If you look at the USDA map for Ohio, the microclimate you are referring to seems to be the difference between 6a and 6b in places, but no areas are a 7.


----------



## MOJOERASER (11 mo ago)

I have read on several websites and YouTube channels (specifically Ron Henry and How to with Doc )that say do not put down pre emergents while and before seeding it acts like a barrier and it prevents new growth below that level . Now you might still be able to grow grass but Imagine it would be towards the end of the pre emergents coverage period. He mentioned that he layed down pre emergents both times and that could be the problem for the areas not growing.

Also if he is in Ohio then that's a whole other problem because it's not in the transition zone for Bermuda he needs cool season grasses


----------



## andymac7 (Oct 30, 2018)

CenlaLowell said:


> Bermuda in Ohio that's has to be hard to grow. Yeah you would be better to change that turf out.

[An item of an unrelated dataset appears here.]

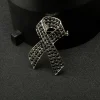 Broche en ruban de strass noirs pour femmes et hommes, épingle à revers élégante à la mode, accessoires de décoration, bijoux de fête, cadeau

Have you tried it? . In the area I live in Ohio? So.. instead of providing evidence once again that I am in fact in zone 7, I'll just paste this in really quick. It's the map I trust over USDA, since the data is updated more frequently, and omits much of the ultra cold spell from the 80's.

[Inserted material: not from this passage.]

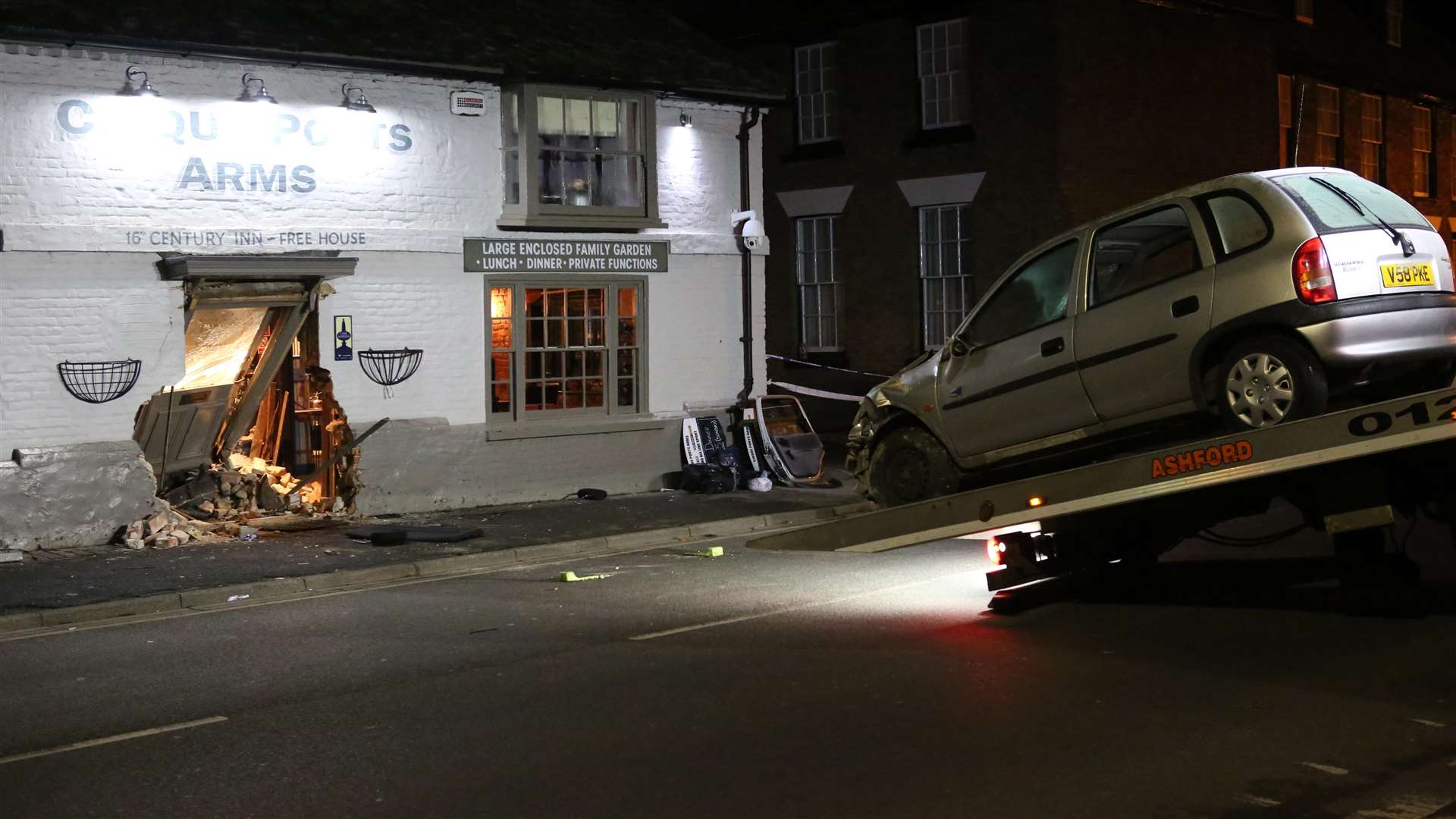 The crash into the Cinque Port Arms in New Romney. Picture: UK News in Pictures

https://www.arborday.org/media/map_change.cfm

So, if I had it to do over, yes, I would have went with all Zoysia. But ya know.. hindsight. But again, why would golf courses around here (there are multiple.. in more northerly locations than I am) spend all of that time and money sprigging with bermuda if it was just all going to die?

As far as not being able to grow grass with pre-emergents @MOJOERASER, I've certainly never heard of that. Lol. I do wonder if it hinders runners/stolons from tacking roots down, and have even contemplating skipping it in the spring altogether.


----------



## callmestevee_o (Nov 11, 2021)

Bermuda_Rooster said:


> andymac7 said:
> 
> 
> > As far as me wanting bermuda, I've just always liked the look of it, with it's blue-green color and tight growing habit. I've had cool season grass most of my life, and since we're in the Ohio river valley, it gets very hot/humid in the summer, and sometimes burns up much of it. Also, I know zone denial is a real thing, lol, but I think we're actually in a microclimate of the coolest part of zone 7. I've been closely monitoring temps for years now, and we rarely see close to 0, and most winters only see 1 night in single digits. This winter was a cold one with low temps of 3, 3, and 8.
> ...


Off topic but how if your lawn doing? I purchased the same seed as you and plan on sowing the week after Memorial Day once I get a paver patio installed. Is it dense and performing to your liking?


----------



## Rooster (Aug 19, 2019)

callmestevee_o said:


> Off topic but how if your lawn doing? I purchased the same seed as you and plan on sowing the week after Memorial Day once I get a paver patio installed. Is it dense and performing to your liking?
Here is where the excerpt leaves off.